Global expertise was employed to outmanoeuvre powerful critics within the Planning Commission. In order to jostle their way to a seat at the policymaking table, the Professor and the Institute leveraged a variety of resources: their centrality to national statistical organisations (which had become critical to planning), proximity to the Prime Minister and finance minister, and support cultivated from actors and institutions on both sides of the Cold War. The Planning Commission did not roll out the red carpet for the Professor. It was a coup whose swiftness took Delhi by surprise.

Mahalanobis’ jet-setting drew attention. As academics go, he was no ordinary conference-hopper. As an awed and perhaps slightly bewildered [American statistician] Edwards Deming later recalled, “Probably no statistician ever attended so many meetings the world over.” The travels earned a separate section in the Institute’s Annual Reports and were later published in the house journal Sankhya.…

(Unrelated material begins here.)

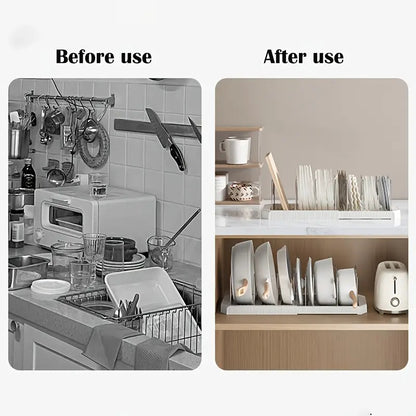 Fortune Candy 1 Piece Retractable Cabinet Organizer Rack, Pot Lid Holder for Cutting Boards, Pans, and Kitchen Storage, Black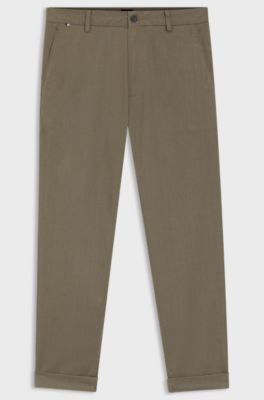 Modern-fit trousers in brushed twill, Brown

The Professor left India in order to be relevant in India. As one of India’s pre-eminent scientists and her foremost statistician, Mahalanobis was invited to universities and academic institutes around the world. He revelled in them because, apart from satiating his varied intellectual urges, they magnified his reputation at home. For while his scientific bona fides were above reproach, as an economist he had no credentials. If he aspired to be a planner, he would need backers.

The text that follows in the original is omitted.